Module `stikpetP.effect_sizes.eff_size_rmsse`

Expand source code

import pandas as pd

def es_rmsse(nomField, scaleField, categories=None):
    '''
    Root Mean Square Standardized Effect Size (RMSSE)
    -------------------------------------------------
    An effect size measure for a one-way ANOVA.
    
    Similar as Hedges g, but for a one-way ANOVA. According to Wikipedia "this essentially presents the omnibus difference of the entire model adjusted by the root mean square" (2023).    
    
    Parameters
    ----------
    nomField : pandas series
        data with categories
    scaleField : pandas series
        data with the scores
    categories : list or dictionary, optional
        the categories to use from catField
        
    Returns
    -------
    rmsse : float
        the rmsse value
    
    Notes
    -----
    The formula used (Steiger & Fouladi, 1997, p. 245):
    $$RMSSE = \\sqrt{\\frac{\\delta}{\\left(k-1\\right)\\times n}}$$
    
    With:
    $$\\delta = n\\times\\sum_{i=1}^k \\left(\\frac{\\alpha_i}{\\sigma}\\right)^2$$
    $$\\alpha_i = \\mu_i - \\mu \\approx \\bar{x}_i - \\bar{x}$$
    $$\\sigma \\approx \\sqrt{MS_w}$$
    $$MS_w = \\frac{SS_w}{df_w}$$
    $$df_w = n - k$$
    $$SS_w = \\sum_{j=1}^k \\sum_{i=1}^{n_j} \\left(x_{i,j} - \\bar{x}_j\\right)^2$$
    $$\\bar{x}_j = \\frac{\\sum_{i=1}^{n_j} x_{i,j}}{n_j}$$
    $$\\bar{x} = \\frac{\\sum_{j=1}^k n_j \\times \\bar{x}_j}{n} = \\frac{\\sum_{j=1}^k \\sum_{i=1}^{n_j} x_{i,j}}{n}$$
    $$n = \\sum_{j=1}^k n_j$$
    
    Zhang and Algina (2011) create a robust version of this for one-way fixed effects anova.
    
    References
    ----------
    Steiger, J. H., & Fouladi, R. T. (1997). *Noncentrality interval estimation and the evaluation of statistical models*. In L. L. Harlow, S. A. Mulaik, & J. H. Steiger, What if there were no significance tests? (pp. 221–257).

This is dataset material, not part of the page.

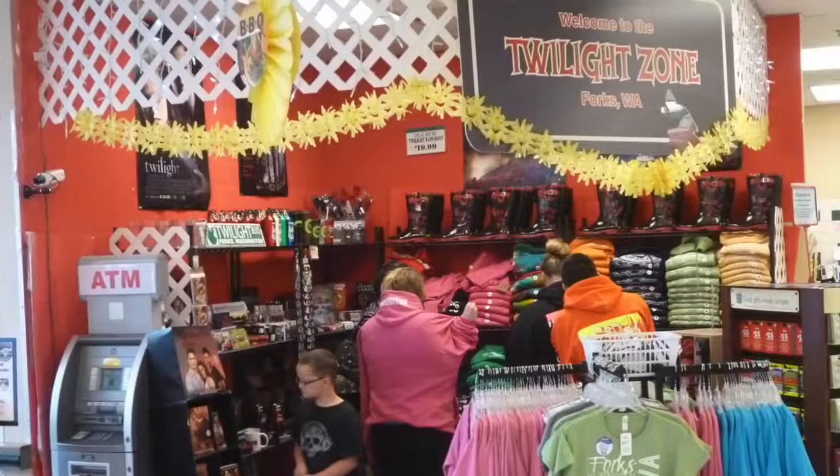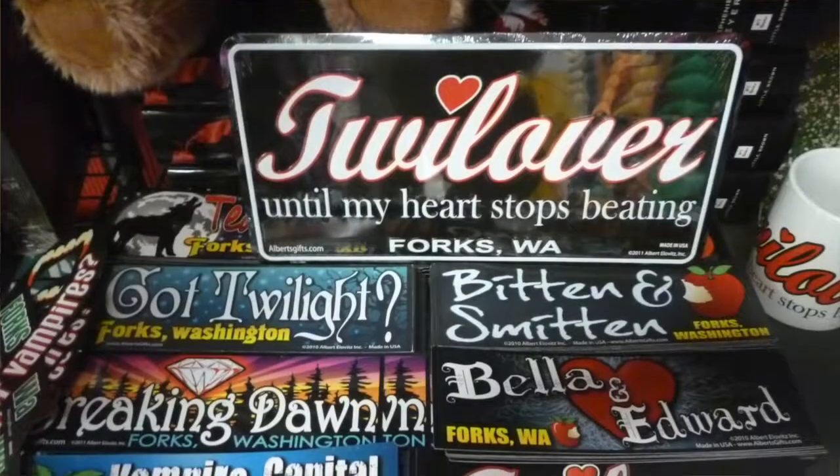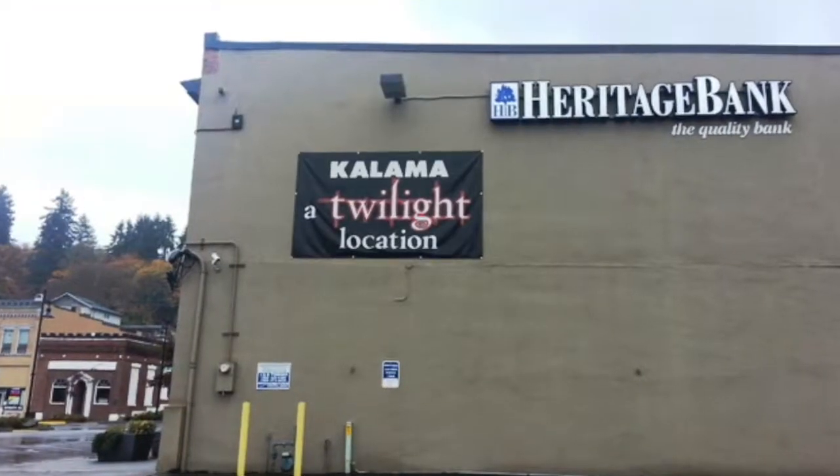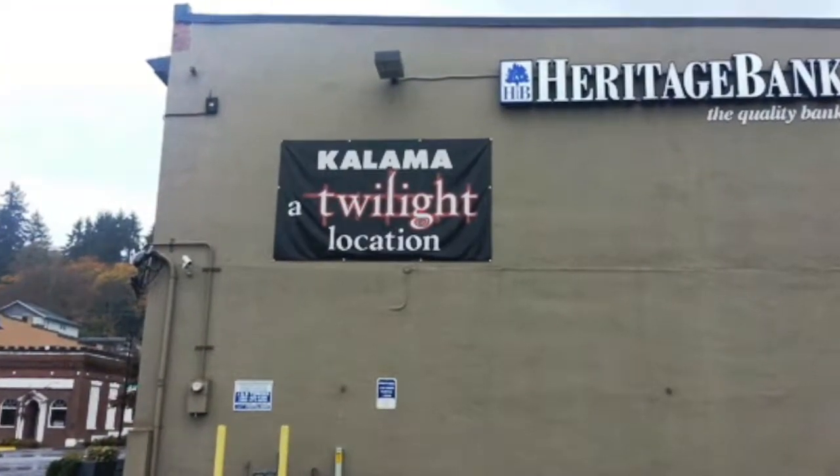It was filmed partially in Kalama, and I have been to Forks, Washington. When you walk into the grocery store — it's a little small town — there's like one whole corner that is just Twilight shirts, bumper stickers, all of this stuff. There are Twilight signs all over the streets. Driving on I-5 past Kalama, on one of the buildings you can see from the interstate there's a giant banner: 'Kalama — a Twilight filming location.'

Lawrence Erlbaum Associates.
    
    Wikipedia. (2023). Effect size. In Wikipedia. https://en.wikipedia.org/w/index.php?title=Effect_size&oldid=1175948622

    Zhang, G., & Algina, J. (2011). A robust root mean square standardized effect size in one-way fixed-effects ANOVA. *Journal of Modern Applied Statistical Methods, 10*(1), 77–96. doi:10.22237/jmasm/1304222880
    
    Author
    ------
    Made by P. Stikker
    
    Companion website: https://PeterStatistics.com  
    YouTube channel: https://www.youtube.com/stikpet  
    Donations: https://www.patreon.com/bePatron?u=19398076
    
    '''
    
    if type(nomField) == list:
        nomField = pd.Series(nomField)
        
    if type(scaleField) == list:
        scaleField = pd.Series(scaleField)
        
    data = pd.concat([nomField, scaleField], axis=1)
    data.columns = ["category", "score"]
    
    #remove unused categories
    if categories is not None:
        data = data[data.category.isin(categories)]
    
    #Remove rows with missing values and reset index
    data = data.dropna()    
    data.reset_index()
    
    #overall n, mean and ss
    n = len(data["category"])
    m = data.score.mean()
    sst = data.score.var()*(n-1)
    
    #sample sizes, and means per category
    nj = data.groupby('category').count()
    sj = data.groupby('category').sum()
    mj = data.groupby('category').mean()
    
    #number of categories
    k = len(mj)
    
    ssb = float((nj*(mj-m)**2).sum())
    ssw = sst - ssb
    
    dfb = k - 1
    dfw = n - k
    dft = n - 1
    
    msb = ssb/dfb
    msw = ssw/dfw
    
    aj = mj - m
    s = msw**0.5
    d = n*((aj/s)**2).sum()
    rmsse = float((d/((k-1)*n))**0.5)
    
    return rmsse

Functions

def es_rmsse(nomField, scaleField, categories=None)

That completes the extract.